== What is required ==
Retype, exactly as they appear below, the lines between the line holding "Fendi Fendi apr644" and the line holding "Bestune B30 — миниатюра 8", both ends included.

== Data for this task ==
....

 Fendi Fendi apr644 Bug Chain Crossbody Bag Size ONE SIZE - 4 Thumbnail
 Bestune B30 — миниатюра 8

....

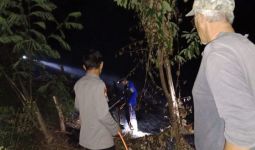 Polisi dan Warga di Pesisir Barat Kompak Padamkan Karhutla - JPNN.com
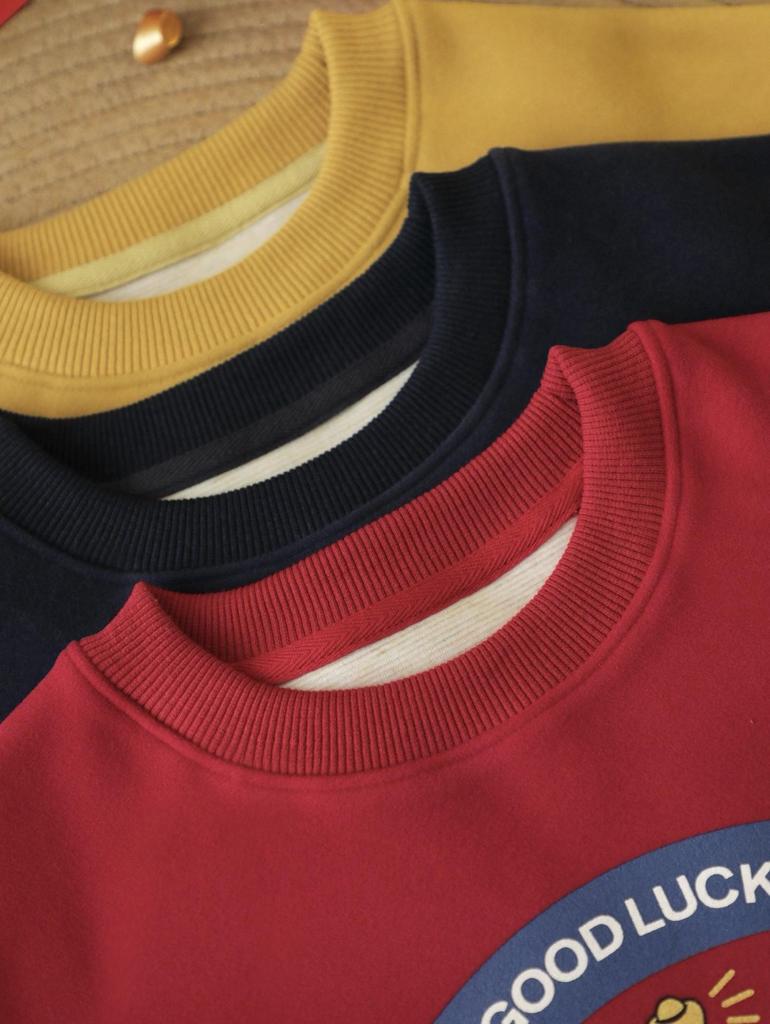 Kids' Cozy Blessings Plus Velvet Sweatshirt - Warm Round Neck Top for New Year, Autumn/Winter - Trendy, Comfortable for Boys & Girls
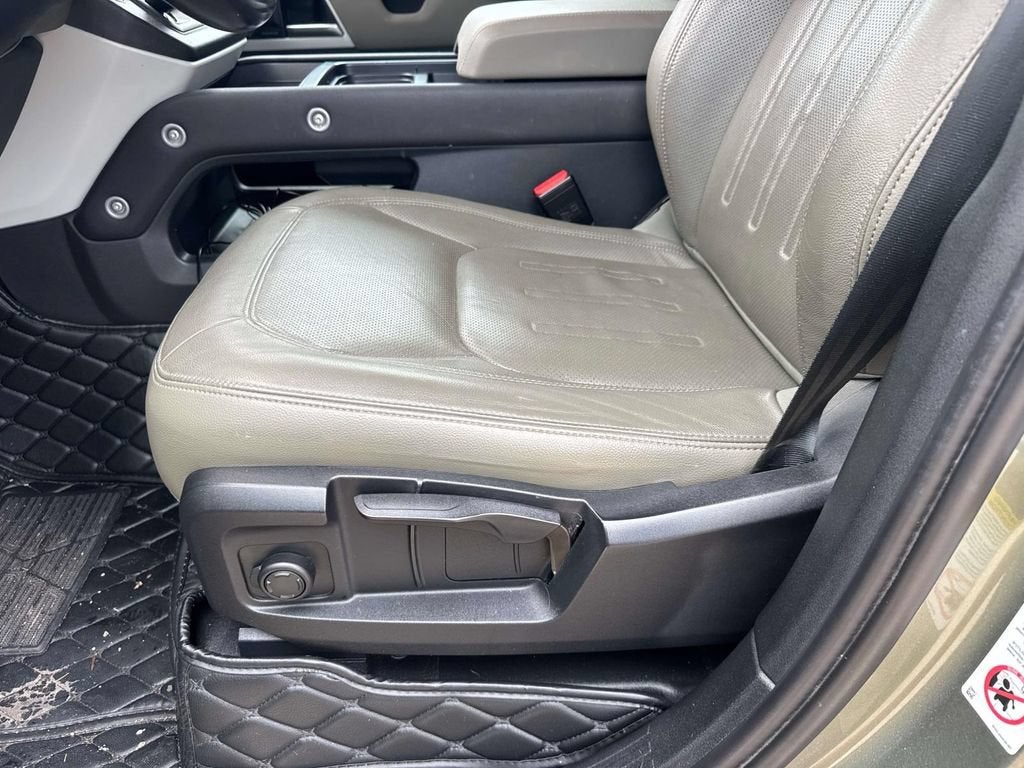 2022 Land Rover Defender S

....

== Solution below ==
 Fendi Fendi apr644 Bug Chain Crossbody Bag Size ONE SIZE - 4 Thumbnail
 Bestune B30 — миниатюра 8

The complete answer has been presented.